魔術に近いって言うなら、使用の度に精神力が削れていっても……おかしくはない。
それも、あの規模の攻撃を打ち消したんだ。疲労がかかるとしたら、相当なもののはず。
「先生に無理を強いてしまい、申し訳ありません」
「わかったから次からはああいうことやめてね~、ホントに」
どうやらゴルさんも、同じようなことを思ったようだ。
さっきの"言霊"は、先生に結構な負担をかけてしまった。ぱっと見そうだとわからないのは、さすがと言うべきか。
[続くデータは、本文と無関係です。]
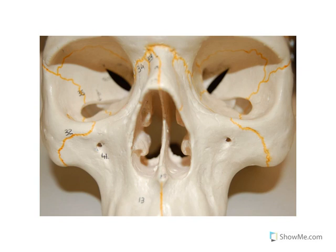There is one bone I have forgotten to discuss. We can see it here — the vomer. So, this really does conclude my video on the eye orbit and the nasal aperture. Thank you.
言葉に魔力を宿す"言霊"。言葉に魔力が宿すことができれば、誰でも使えるのだろうけど……
「難しそう……」
その、言葉に魔力を……ってのがいまいちピンとこない。
もしかしたら魔力に敏感なエルフだからこそ、使えるものなのかもしれない。
……そう考えると、魔力の流れを感じ取る素質が高いキリアちゃんは"言霊"を使える可能性が高いのかも?
「そういえば、今さらだけどなんで先生がここに?」
「オレオレは一応生徒会副顧問だからね、やることがいろいろあんのよ。
で、見回ってたらこのクラスが騒がしいことになってるって聞いたわけ」
「おぅ……」
先生からのジト目に、私はつい視線をそらす。
悪かったよぉ、反省しましたよぉ。
これにはゴルさんも、やっぱり申し訳なさそうにしている。
「最後にもう一度言うけど、もう勝手にああいうことしたらだめだよ。やるならせめて、今度の他学年試合でやりなさい」
と、至極まっとうなことを言われた。
その後私たちは、三年のクラスメイトたちに謝った。みんなにも、迷惑をかけてしまったわけだし。
それから、残っていたお客さんにも。
「ネクちゃんもごめんね、巻き込んじゃって」
「きき、気にするな。あんなん、な、なんてこと、ないしっ」
ぐっ、と親指を突き立てるネクちゃんだけど……声がめっちゃ震えていた。